I am measuring application performance with nvprof on M60 (actually on Amazon g3.4xlarge instance with only one GPU, which is a half of M60 board).
I have CUDA 9 installed.
The command I used for profiling is like the following:
nvprof --replay-mode application --csv --log-file nvprof_dram_write_throughput.log --metrics dram_write_throughput python tf_cnn_benchmarks.py <some arguments>
And the similar command for dram_read_throughput. The commands produce a log file in CSV format.
The data I see in these log files confuses me.
Theoretical DRAM througput for M60 is about 160GB/s. In the log files however, I see that for some kernels throughput is in the order of TB/s.
Does this mean that L1 or L2 caches are used?
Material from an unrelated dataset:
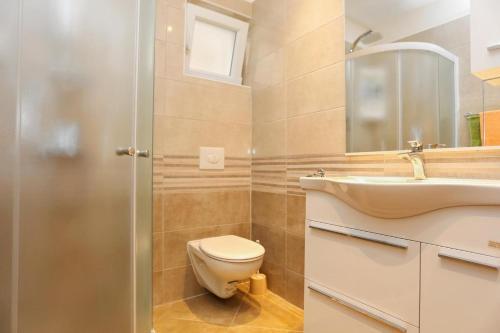 Apartments With Wifi Baska Voda, Makarska - 16766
Here are some lines from the log files:
"Device","Kernel","Invocations","Metric Name","Metric Description","Min","Max","Avg"
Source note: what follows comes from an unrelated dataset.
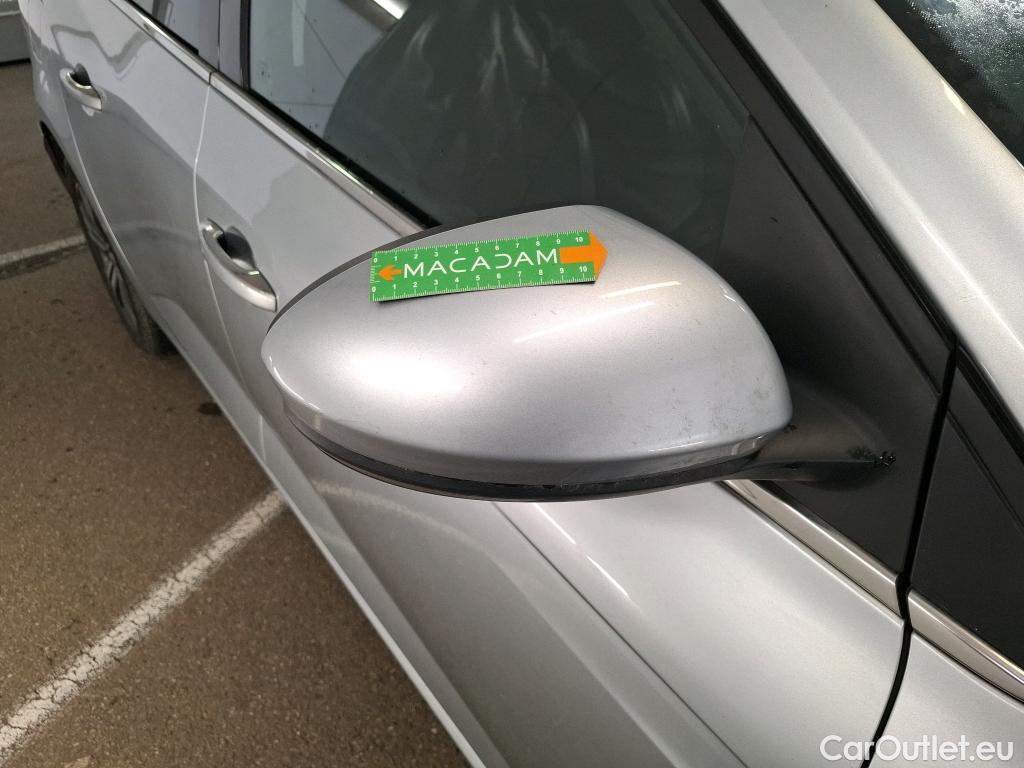  Renault  Megane  IV Estate Intens 1.3 TCe #47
"Tesla M60 (0)","void Eigen::internal::EigenMetaKernel<Eigen::TensorEvaluator<Eigen::TensorAssignOp<Eigen::TensorMap<Eigen::Tensor<float, int=1, int=1, int>, int=16, Eigen::MakePointer>, Eigen::TensorCwiseUnaryOp<Eigen::internal::scalar_right<float, float, Eigen::internal::scalar_product_op<float, float>>, Eigen::TensorMap<Eigen::Tensor<float const , int=1, int=1, int>, int=16, Eigen::MakePointer> const > const > const , Eigen::GpuDevice>, int>(float, int=1)",13,"dram_write_throughput","Device Memory Write Throughput",108.548296MB/s,9597.024243GB/s,2209.103356GB/s
"Tesla M60 (0)","void Eigen::internal::EigenMetaKernel<Eigen::TensorEvaluator<Eigen::TensorAssignOp<Eigen::TensorMap<Eigen::Tensor<float, int=1, int=1, long>, int=16, Eigen::MakePointer>, Eigen::TensorCwiseBinaryOp<Eigen::internal::scalar_difference_op<float const , float const >, Eigen::TensorMap<Eigen::Tensor<float, int=1, int=1, long>, int=16, Eigen::MakePointer> const , Eigen::TensorMap<Eigen::Tensor<float const , int=1, int=1, long>, int=16, Eigen::MakePointer> const > const > const , Eigen::GpuDevice>, long>(float, int=1)",6,"dram_read_throughput","Device Memory Read Throughput",1.493997GB/s,6236.837731GB/s,2210.343396GB/s
By the way, if I don’t use --replay-mode application option, profiling a program that runs less than a minute takes hours.